>>>

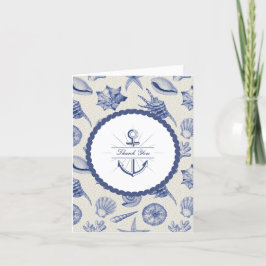 Nautical Themed Blue Seashell Blank Dankeskarte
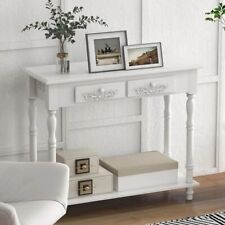 French Style Console Table Hall Hallway Furniture Desk White 2 Drawers 1 Shelf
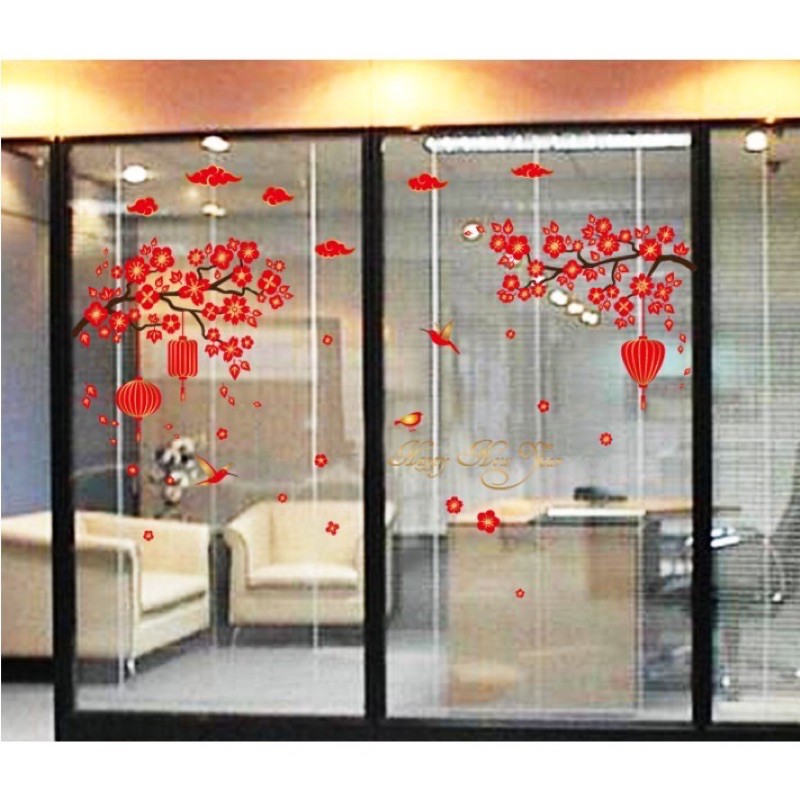 Decal trang trí tường - Mai Đỏ Đón xuân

<<<

**Task goal**.
Print the material verbatim; drop the pictures.

**Result of the exercise**.
 Nautical Themed Blue Seashell Blank Dankeskarte
 French Style Console Table Hall Hallway Furniture Desk White 2 Drawers 1 Shelf
 Decal trang trí tường - Mai Đỏ Đón xuân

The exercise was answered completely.